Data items
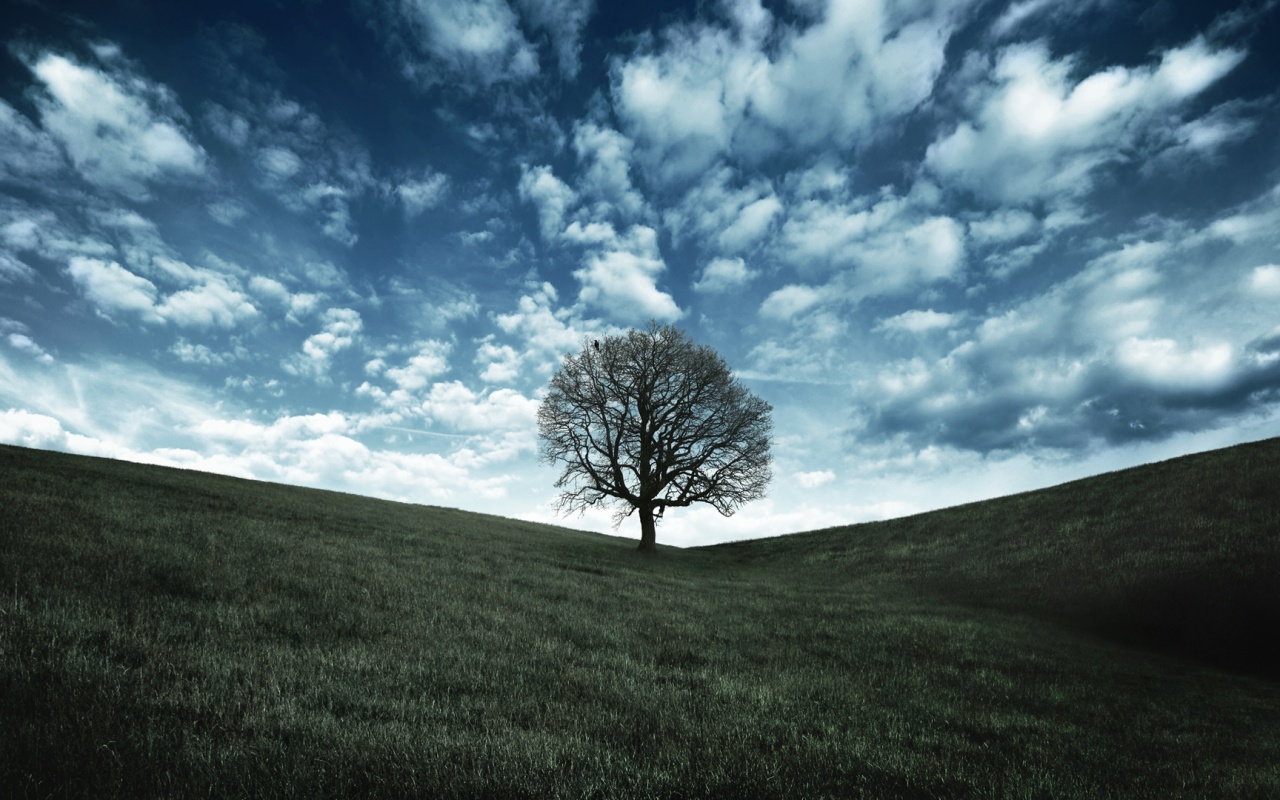 Холм одинокого дуба обои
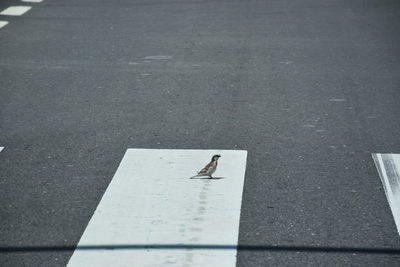 High angle view of a bird on road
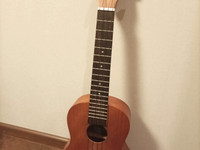Ukulele
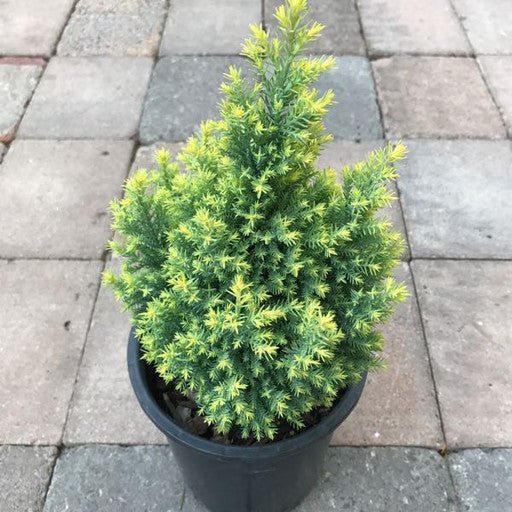 Cham. lawsoniana 'Treasure Island',- 1 gal - Shrubs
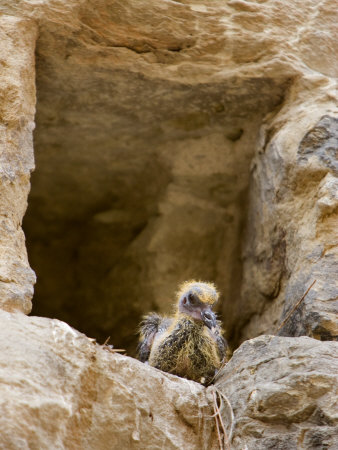 Baby Bird Peers From A Wall Opening, Arezzo, Tuscany, Italy by Robert Eighmie Pricing Limited Edition Print image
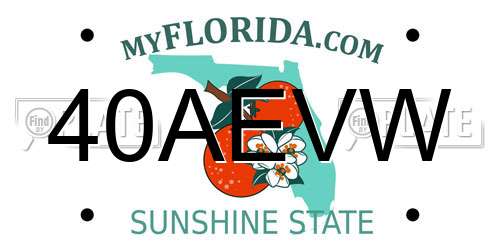 40AEVW Florida License Plate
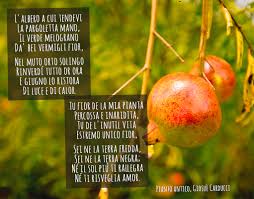 Immagine in miniatura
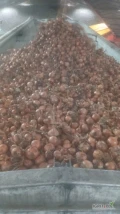 Cebula CZERWONA NA WOREK I DO OBIERANIA, 60%6+ Ilości tirowe, import, dostawa do klienta w całej Polsce. Co tydzień nowe oferty do...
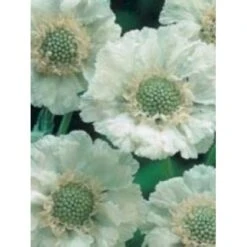 Scabiose 'Perfecta Alba' Scabiosa Caucasica 'Perfecta Alba' 1 Liter Potte 7 Scabiose 'Perfecta Alba' Scabiosa Caucasica 'Perfecta Alba' 1 Liter Potte -Sirius Butik mi2361 scabiosa caucasica perfecta alba 9d77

• [REQUIREMENT]: Write out the entries word for word. Skip the pictures.

• [RESPONSE AREA]:
 Холм одинокого дуба обои
 High angle view of a bird on road
Ukulele
 Cham. lawsoniana 'Treasure Island',- 1 gal - Shrubs
 Baby Bird Peers From A Wall Opening, Arezzo, Tuscany, Italy by Robert Eighmie Pricing Limited Edition Print image
 40AEVW Florida License Plate
 Immagine in miniatura
 Cebula CZERWONA NA WOREK I DO OBIERANIA, 60%6+ Ilości tirowe, import, dostawa do klienta w całej Polsce. Co tydzień nowe oferty do...
 Scabiose 'Perfecta Alba' Scabiosa Caucasica 'Perfecta Alba' 1 Liter Potte 7 Scabiose 'Perfecta Alba' Scabiosa Caucasica 'Perfecta Alba' 1 Liter Potte -Sirius Butik mi2361 scabiosa caucasica perfecta alba 9d77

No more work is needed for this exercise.